* Data shown *
________________

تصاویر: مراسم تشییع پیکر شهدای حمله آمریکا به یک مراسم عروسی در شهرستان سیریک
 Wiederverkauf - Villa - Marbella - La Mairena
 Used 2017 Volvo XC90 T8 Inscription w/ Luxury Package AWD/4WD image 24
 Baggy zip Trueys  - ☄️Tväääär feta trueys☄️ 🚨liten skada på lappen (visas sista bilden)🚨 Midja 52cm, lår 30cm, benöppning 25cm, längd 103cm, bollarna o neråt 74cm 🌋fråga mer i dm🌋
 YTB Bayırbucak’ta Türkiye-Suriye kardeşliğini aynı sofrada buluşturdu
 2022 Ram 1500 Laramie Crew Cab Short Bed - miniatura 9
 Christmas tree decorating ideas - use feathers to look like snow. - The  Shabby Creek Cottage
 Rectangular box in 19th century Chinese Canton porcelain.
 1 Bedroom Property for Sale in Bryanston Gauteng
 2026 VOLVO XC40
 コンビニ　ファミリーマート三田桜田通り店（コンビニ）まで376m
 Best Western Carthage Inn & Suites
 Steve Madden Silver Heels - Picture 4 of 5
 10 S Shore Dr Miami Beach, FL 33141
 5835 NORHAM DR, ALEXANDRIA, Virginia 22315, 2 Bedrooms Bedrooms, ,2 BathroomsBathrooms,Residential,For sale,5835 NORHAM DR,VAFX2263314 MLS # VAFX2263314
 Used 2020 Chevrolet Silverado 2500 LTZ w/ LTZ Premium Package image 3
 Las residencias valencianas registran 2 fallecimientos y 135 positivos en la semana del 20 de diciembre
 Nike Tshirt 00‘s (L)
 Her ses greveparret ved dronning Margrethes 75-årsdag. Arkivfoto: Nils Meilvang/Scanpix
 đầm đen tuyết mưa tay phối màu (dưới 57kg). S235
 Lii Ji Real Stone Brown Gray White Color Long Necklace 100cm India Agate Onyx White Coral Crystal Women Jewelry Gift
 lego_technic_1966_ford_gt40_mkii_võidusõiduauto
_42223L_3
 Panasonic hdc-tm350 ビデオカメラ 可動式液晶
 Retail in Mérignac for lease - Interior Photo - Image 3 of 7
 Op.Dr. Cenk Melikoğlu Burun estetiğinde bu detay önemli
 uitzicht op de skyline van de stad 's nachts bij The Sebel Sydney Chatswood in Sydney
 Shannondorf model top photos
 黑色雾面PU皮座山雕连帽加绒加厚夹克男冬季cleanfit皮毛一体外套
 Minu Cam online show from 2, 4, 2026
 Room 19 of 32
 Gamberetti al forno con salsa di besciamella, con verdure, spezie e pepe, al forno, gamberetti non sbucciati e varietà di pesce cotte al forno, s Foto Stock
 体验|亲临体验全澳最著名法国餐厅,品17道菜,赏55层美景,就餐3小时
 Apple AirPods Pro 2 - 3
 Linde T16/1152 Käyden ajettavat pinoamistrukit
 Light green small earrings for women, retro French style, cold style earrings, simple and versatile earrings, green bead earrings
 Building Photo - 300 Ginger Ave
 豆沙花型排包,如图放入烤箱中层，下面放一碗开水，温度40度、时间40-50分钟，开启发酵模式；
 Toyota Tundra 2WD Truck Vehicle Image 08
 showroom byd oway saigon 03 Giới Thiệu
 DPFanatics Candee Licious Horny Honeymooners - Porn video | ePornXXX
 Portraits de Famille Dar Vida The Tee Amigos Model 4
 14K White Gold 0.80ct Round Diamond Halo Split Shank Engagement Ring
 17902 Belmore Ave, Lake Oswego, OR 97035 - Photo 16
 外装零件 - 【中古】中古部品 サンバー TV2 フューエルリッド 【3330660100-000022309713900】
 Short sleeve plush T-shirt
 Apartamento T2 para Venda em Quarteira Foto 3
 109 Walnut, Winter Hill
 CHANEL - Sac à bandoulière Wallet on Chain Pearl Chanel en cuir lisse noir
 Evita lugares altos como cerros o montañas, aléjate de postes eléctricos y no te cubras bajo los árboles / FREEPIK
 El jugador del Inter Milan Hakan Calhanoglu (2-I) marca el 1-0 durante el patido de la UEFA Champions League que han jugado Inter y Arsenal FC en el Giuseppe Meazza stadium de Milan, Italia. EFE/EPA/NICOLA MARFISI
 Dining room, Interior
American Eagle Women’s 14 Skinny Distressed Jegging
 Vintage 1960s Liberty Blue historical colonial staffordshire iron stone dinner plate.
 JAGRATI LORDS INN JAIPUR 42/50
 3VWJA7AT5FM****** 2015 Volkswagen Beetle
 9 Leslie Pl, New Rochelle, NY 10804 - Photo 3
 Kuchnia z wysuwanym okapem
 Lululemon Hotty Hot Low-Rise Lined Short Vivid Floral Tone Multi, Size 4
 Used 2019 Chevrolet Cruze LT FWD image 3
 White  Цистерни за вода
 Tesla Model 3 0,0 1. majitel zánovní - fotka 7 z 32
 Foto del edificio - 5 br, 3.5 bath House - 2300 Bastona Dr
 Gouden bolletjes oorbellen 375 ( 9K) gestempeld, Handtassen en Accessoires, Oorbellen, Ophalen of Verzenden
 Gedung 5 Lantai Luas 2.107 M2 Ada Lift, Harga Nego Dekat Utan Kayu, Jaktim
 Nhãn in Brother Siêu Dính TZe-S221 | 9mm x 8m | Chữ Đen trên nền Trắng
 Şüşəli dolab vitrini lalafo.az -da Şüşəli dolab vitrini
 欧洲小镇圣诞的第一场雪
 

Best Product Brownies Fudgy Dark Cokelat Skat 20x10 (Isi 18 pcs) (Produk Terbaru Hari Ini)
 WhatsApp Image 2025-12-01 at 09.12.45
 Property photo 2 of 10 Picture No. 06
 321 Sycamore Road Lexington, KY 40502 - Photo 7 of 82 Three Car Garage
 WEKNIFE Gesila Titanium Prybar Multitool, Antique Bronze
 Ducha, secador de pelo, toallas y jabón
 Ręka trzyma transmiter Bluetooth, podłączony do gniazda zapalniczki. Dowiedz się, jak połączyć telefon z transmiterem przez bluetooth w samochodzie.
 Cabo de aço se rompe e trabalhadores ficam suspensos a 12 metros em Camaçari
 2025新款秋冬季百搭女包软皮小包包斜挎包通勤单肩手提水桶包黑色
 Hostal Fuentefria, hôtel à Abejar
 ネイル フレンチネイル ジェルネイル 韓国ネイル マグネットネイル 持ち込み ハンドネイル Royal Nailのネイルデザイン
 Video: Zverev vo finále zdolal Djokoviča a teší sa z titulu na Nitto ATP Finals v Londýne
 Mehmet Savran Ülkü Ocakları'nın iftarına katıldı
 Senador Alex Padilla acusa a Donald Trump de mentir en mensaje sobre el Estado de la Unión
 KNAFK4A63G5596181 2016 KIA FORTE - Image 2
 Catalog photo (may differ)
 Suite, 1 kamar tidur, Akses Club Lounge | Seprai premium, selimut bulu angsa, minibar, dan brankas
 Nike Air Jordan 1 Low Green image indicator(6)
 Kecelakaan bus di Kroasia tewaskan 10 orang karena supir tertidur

________________

* What is expected *
When the line with "欧洲小镇圣诞的第一场雪" is reached in the data above, start copying there, and copy each line exactly until the line with "2025新款秋冬季百搭女包软皮小包包斜挎包通勤单肩手提水桶包黑色" has been copied; copy nothing else.

* Result of this task *
 欧洲小镇圣诞的第一场雪
 

Best Product Brownies Fudgy Dark Cokelat Skat 20x10 (Isi 18 pcs) (Produk Terbaru Hari Ini)
 WhatsApp Image 2025-12-01 at 09.12.45
 Property photo 2 of 10 Picture No. 06
 321 Sycamore Road Lexington, KY 40502 - Photo 7 of 82 Three Car Garage
 WEKNIFE Gesila Titanium Prybar Multitool, Antique Bronze
 Ducha, secador de pelo, toallas y jabón
 Ręka trzyma transmiter Bluetooth, podłączony do gniazda zapalniczki. Dowiedz się, jak połączyć telefon z transmiterem przez bluetooth w samochodzie.
 Cabo de aço se rompe e trabalhadores ficam suspensos a 12 metros em Camaçari
 2025新款秋冬季百搭女包软皮小包包斜挎包通勤单肩手提水桶包黑色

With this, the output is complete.